While the community of subscribers to EIES, The Source, Compuserve, Dow Jones, and other information utilities is still small enough to keep the costs of services high, the inevitable growth of telecomputing population from tens of thousands to millions, spurred by the proliferation of modem-equipped home computers is sure to lower the price enough to make it possible for more Floyd Flanagans and David Hughses to experiment with their electronic magazines. But the big info-utilities are not the only kind of on-line community in existence. At the same time that the larger utilities seek to plug individual subscribers together into what is essentially a centrally controlled time-sharing technology, a different way of interconnecting computers is giving birth to an even wilder mutant of network culture — the computer-based bulletin boards.

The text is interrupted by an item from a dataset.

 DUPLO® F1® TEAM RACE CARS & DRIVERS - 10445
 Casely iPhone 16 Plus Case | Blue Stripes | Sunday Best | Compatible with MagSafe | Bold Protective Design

A computer bulletin board system, often called a CBBS, or simply a BBS, consists of a computer controlled by special software and the hardware needed to connect it to an ordinary telephone line. The software enables a small host computer to automatically answer when its telephone number is dialed, and transmit and receive messages to and from remote computers. By leaving such a system hooked up continuously, and posting the access number in one or two places, the grapevine takes care of the rest. Come back and read all the messages a week later and you'll discover that a community has created itself.

The first software that enabled microcomputer owners to set up CBBS was created by Ward Christensen and Randy Seuss, in Chicago, in 1978. By 1984, the number of such systems is difficult to determine, but it must at least be in the hundreds, and probably will soon be in the thousands. To connect to a BBS, you need a personal computer, a modem, telecommunication software, and a telephone. Plug the telephone into the modem, use the communication program to dial the BBS number, then when the computers are connected, the host system will put words on your screen and tell you how to work the system.

Most people know of these systems, and the underground community of users, because of the movie WarGames, television programs about computer whiz kids, and publicity about dark-side hackers. In fact the community has changed so swiftly that piracy, phone-freaking, destructive hacking, and even obsessive interest in how computers work now occupy only a small part of the BBS scene. Many bulletin boards have been in existence for years, but even more seem to spring up and die out on a weekly basis. In my own limited sampling of the BBS world, over the span of a few months, I encountered teenage philosophers, homespun lecturers of all ages and both sexes willing to ramble about any topic you'd care to name, and I even stumbled onto a couple of on-line religions, both cybernetic and pagan.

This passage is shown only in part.